Harrison captured gold in Sydney in 2000 and a huge future looked to be his for the taking. However, instead of achieving greatness, Harrison went on to lose a number of fights by KO and the public soon turned on him. Harrison, who once boasted he would be able to win the British title after five fights, never did win this title; although to his credit he did win the European title. Harrison fought just once for a world title; the embarrassing affair with David Haye in 2010. Yet today, three years into retirement, Harrison insists he could have, would have “achieved my destiny” and won a world title had he opened up about his depression and the “mental suffering” he was going though behind closed doors throughout his career.
Speaking with BBC Radio 5 live, Harrison said he should have sought help for his mental issues but he never did and that this contributed to his failing to win world honours.
“I didn’t win a world title,” Harrison said. “Maybe I was good enough to have, no, I was definitely good enough to do that but I spent a lot of time really suffering behind the scenes. Maybe if I had spoken to someone I might have maintained all my strength and won a world title.”

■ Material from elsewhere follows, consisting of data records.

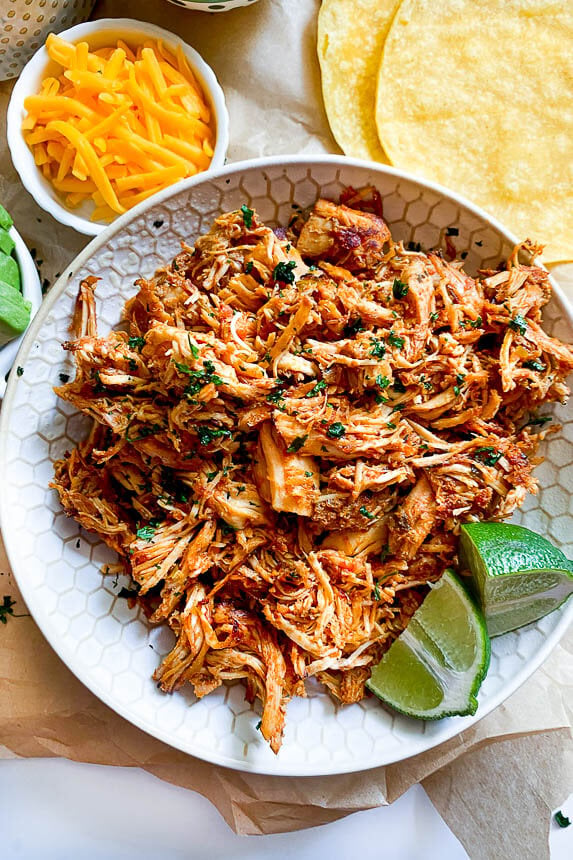 Shredded cilantro lime chicken served over a bed of white rice with fresh lime slices, making an effortless dump and go crockpot dinners chicken meal.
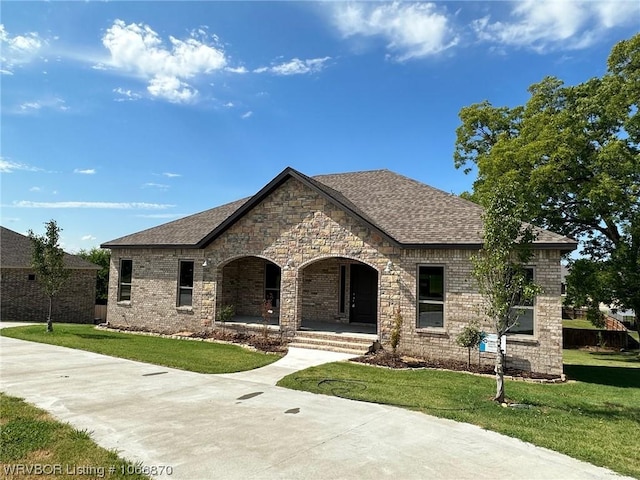 french country inspired facade with covered porch and a front yard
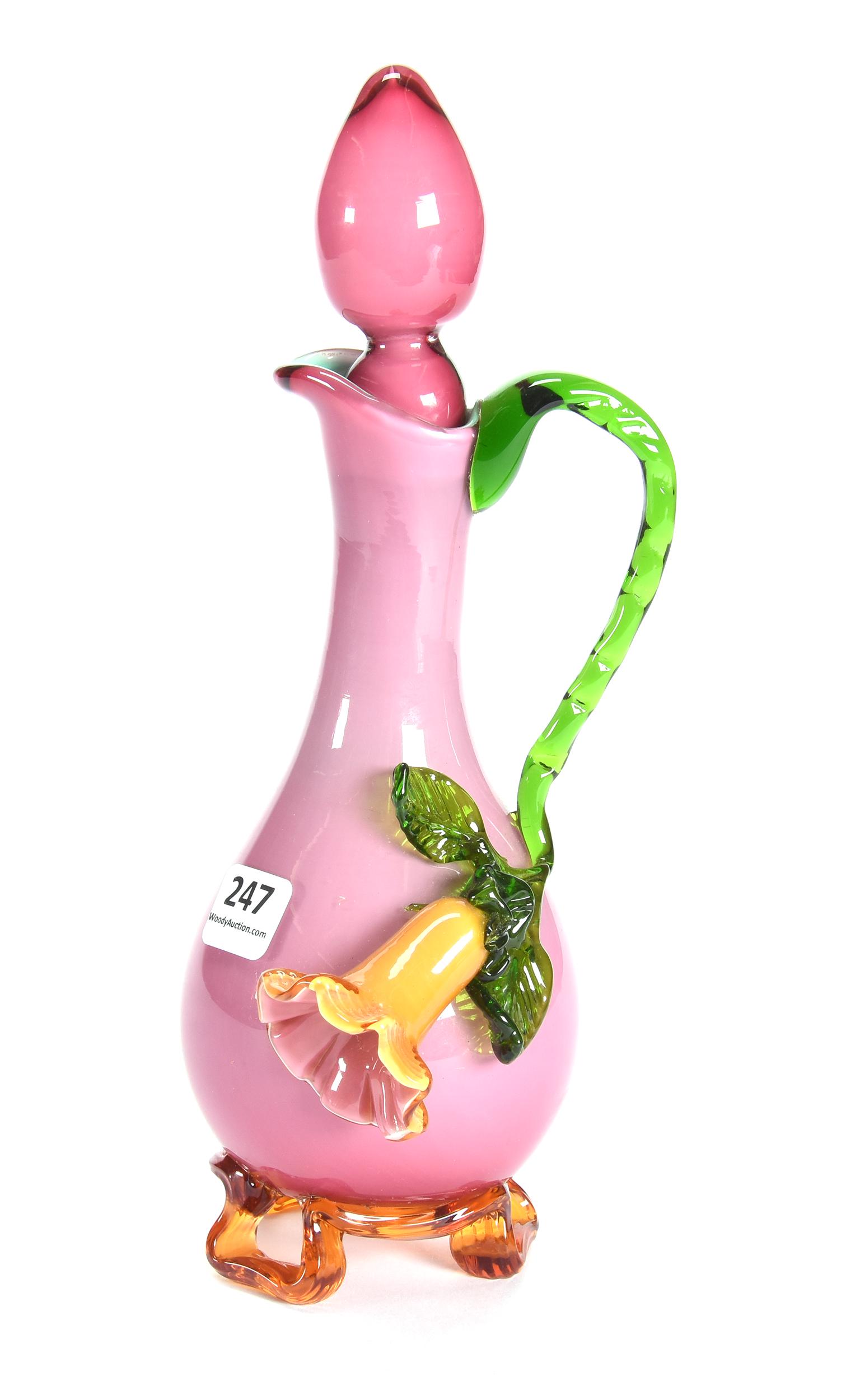 Cruet, Attributed To Stevens & Williams Art Glass: Cruet, Attributed To Stevens & Williams Art Glass, 9.5", Plum Color Body With Applied Green Handle And Yellow Morning Glory Blossom, Amber Applied Feet, Original Stopper, Circa 1900's; Private Collect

Who knows, maybe Harrison would have achieved far more than he did had he not been burdened by the mental issues he speaks of. Harrison remains a talking point amongst fight fans. Big, athletic, powerful and naturally talented, Harrison just did not seem to have the fighting heart needed to become a great. Maybe the depression he was going through was part of the reason. On occasion, though, Harrison did display bite-down guts and courage – in his European title-winning rematch fight with Michael Sprott, when he overcame a badly damaged arm to KO Sprott in the final round.
But the displays of strength were far outweighed by the capitulations: his KO defeats at the hands of Sprott (in an earlier fight), David Haye, David Price and, most recently, Deontay Wilder being uppermost in the minds of fans.
Today, after all he’s been through, Harrison – one of British boxing’s finest amateurs – is giving back to help those afflicted with depression; his Never Ever Give Up charity work helping untold thousands. One of the sport’s good guys, Harrison is, unfortunately. a prime example of how good guys can often finish last in the sport dubbed the hurt business.